The problem:
Scan the records beneath this line for the line holding "Presentation with flowers" and the line holding "Item preview, Sung", then transcribe exactly those two and all lines between.

(Data)

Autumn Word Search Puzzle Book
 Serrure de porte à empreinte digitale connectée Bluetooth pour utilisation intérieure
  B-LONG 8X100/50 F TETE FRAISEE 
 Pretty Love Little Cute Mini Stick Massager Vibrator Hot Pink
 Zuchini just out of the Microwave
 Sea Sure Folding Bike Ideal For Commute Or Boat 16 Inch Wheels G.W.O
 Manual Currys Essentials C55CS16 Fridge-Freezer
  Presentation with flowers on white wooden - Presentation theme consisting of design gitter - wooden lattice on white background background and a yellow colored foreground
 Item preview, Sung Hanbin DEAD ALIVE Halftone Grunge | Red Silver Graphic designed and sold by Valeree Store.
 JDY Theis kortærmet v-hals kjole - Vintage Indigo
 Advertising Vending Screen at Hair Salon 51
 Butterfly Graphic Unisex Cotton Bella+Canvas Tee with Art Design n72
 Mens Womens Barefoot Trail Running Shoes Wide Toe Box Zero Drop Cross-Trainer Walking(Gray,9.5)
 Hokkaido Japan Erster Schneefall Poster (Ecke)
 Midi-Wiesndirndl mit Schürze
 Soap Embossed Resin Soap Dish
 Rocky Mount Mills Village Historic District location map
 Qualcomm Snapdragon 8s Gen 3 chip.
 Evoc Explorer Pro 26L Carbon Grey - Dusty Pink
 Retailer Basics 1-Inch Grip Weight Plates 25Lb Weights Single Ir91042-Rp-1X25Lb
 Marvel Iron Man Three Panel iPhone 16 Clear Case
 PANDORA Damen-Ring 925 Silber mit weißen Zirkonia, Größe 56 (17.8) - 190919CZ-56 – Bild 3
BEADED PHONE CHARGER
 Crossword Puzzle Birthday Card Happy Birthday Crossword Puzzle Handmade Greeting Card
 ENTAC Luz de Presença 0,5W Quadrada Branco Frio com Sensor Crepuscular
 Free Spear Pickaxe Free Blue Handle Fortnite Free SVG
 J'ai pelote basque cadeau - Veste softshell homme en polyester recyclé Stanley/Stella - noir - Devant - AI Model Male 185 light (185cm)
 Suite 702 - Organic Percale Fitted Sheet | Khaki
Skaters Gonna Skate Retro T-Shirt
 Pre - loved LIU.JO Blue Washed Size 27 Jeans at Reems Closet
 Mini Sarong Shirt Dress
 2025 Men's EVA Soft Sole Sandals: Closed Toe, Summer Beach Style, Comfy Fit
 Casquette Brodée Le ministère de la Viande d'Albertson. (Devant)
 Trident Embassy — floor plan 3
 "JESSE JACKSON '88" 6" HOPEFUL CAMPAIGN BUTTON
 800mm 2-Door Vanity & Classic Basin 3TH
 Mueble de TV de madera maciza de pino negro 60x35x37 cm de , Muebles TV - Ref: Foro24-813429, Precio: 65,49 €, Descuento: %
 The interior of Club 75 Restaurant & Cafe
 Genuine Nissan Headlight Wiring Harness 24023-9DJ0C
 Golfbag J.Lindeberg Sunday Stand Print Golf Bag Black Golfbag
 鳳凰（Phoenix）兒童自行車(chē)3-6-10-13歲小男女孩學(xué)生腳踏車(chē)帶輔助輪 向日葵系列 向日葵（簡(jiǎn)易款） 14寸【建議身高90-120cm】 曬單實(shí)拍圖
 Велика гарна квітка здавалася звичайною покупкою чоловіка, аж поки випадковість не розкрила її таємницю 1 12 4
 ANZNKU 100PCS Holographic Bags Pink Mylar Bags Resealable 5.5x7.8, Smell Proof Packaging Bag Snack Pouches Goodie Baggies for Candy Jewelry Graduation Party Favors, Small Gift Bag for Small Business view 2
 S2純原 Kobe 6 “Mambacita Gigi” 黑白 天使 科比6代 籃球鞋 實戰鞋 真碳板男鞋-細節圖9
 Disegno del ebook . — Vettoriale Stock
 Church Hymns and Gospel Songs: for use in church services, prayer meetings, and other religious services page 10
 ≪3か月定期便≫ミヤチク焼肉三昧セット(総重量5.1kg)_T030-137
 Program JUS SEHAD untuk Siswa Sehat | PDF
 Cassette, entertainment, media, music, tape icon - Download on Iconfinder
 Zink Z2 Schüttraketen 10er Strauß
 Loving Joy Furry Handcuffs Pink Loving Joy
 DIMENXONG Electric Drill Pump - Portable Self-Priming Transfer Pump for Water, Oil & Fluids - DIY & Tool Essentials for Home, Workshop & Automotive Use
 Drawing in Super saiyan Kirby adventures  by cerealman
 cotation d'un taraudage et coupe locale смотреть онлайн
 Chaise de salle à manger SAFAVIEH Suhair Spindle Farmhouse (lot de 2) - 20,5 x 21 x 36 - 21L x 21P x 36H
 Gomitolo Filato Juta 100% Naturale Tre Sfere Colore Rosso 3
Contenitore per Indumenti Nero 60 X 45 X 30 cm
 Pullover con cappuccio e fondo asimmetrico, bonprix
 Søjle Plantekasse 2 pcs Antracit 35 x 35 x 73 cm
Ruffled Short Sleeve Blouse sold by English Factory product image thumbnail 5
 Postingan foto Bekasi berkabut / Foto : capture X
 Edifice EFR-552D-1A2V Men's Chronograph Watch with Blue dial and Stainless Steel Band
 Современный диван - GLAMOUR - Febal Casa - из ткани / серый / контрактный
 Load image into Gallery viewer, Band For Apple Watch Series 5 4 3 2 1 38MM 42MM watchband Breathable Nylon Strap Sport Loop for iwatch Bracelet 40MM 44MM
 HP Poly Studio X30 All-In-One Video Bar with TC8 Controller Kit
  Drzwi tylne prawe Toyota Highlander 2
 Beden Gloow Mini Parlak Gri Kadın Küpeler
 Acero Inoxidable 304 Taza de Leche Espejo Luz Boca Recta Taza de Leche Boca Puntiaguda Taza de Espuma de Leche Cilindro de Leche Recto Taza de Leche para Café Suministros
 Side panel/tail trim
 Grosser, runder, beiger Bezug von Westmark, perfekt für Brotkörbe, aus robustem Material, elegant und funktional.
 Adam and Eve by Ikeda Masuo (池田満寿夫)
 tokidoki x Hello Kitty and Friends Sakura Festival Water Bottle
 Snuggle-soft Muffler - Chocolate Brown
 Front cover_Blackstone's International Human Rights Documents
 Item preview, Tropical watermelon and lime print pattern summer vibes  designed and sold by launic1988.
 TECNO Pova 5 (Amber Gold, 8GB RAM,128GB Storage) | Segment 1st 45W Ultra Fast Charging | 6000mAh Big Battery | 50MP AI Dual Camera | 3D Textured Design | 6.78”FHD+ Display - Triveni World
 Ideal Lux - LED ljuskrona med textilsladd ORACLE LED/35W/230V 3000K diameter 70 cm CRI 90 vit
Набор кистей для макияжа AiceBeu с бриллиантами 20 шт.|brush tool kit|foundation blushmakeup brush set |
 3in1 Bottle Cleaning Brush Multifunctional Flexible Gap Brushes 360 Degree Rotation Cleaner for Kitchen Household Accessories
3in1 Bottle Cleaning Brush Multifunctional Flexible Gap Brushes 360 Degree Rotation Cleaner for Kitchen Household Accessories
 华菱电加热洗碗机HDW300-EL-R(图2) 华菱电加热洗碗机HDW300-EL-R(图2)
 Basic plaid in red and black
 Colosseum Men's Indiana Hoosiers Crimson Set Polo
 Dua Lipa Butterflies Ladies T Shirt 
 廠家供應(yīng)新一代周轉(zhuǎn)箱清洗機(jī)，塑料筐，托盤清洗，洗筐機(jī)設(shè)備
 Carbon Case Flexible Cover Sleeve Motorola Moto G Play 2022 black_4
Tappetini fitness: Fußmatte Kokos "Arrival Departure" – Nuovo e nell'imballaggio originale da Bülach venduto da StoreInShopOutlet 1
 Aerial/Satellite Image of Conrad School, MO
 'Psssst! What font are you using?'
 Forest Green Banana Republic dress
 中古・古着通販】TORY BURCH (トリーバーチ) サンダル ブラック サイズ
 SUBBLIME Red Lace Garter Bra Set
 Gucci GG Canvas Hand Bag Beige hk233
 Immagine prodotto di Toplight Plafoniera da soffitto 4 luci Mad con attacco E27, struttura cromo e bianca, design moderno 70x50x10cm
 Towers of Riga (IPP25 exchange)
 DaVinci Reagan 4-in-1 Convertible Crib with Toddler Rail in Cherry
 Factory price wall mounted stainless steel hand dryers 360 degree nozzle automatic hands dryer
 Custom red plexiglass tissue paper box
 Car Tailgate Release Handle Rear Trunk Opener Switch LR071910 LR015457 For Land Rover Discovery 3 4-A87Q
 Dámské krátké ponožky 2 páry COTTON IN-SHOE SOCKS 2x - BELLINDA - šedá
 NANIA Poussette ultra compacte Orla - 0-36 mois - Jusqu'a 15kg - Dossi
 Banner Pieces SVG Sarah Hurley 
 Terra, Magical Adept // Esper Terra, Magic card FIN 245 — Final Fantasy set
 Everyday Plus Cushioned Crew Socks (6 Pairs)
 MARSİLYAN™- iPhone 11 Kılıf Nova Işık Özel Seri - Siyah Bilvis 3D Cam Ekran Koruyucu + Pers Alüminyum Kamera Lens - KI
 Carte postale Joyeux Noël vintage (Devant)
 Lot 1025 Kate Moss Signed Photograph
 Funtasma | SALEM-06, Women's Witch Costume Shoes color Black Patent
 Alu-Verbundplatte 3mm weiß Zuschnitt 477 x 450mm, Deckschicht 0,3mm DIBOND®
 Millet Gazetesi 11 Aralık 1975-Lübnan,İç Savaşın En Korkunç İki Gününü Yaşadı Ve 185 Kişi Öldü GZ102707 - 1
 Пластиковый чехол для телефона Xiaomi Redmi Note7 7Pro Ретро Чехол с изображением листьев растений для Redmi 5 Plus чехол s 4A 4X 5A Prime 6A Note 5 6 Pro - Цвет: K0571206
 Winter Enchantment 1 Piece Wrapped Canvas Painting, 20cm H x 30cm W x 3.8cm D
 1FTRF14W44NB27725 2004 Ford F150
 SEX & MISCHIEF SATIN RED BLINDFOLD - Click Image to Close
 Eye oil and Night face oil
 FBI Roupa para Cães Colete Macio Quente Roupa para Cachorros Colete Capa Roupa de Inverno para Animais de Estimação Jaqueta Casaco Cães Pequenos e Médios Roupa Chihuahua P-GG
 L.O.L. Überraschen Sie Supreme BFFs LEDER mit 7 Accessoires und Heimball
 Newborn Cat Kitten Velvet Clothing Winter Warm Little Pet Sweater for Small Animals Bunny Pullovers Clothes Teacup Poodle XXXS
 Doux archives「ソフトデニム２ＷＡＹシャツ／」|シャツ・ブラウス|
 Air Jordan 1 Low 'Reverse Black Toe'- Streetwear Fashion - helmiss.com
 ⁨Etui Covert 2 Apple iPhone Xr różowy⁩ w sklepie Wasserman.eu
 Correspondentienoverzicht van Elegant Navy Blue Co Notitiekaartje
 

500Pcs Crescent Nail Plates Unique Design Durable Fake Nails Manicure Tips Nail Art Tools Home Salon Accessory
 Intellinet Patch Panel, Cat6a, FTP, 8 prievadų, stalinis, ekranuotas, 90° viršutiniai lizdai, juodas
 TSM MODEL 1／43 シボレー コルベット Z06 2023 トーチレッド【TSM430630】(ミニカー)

(End Data)

Finished exercise:
  Presentation with flowers on white wooden - Presentation theme consisting of design gitter - wooden lattice on white background background and a yellow colored foreground
 Item preview, Sung Hanbin DEAD ALIVE Halftone Grunge | Red Silver Graphic designed and sold by Valeree Store.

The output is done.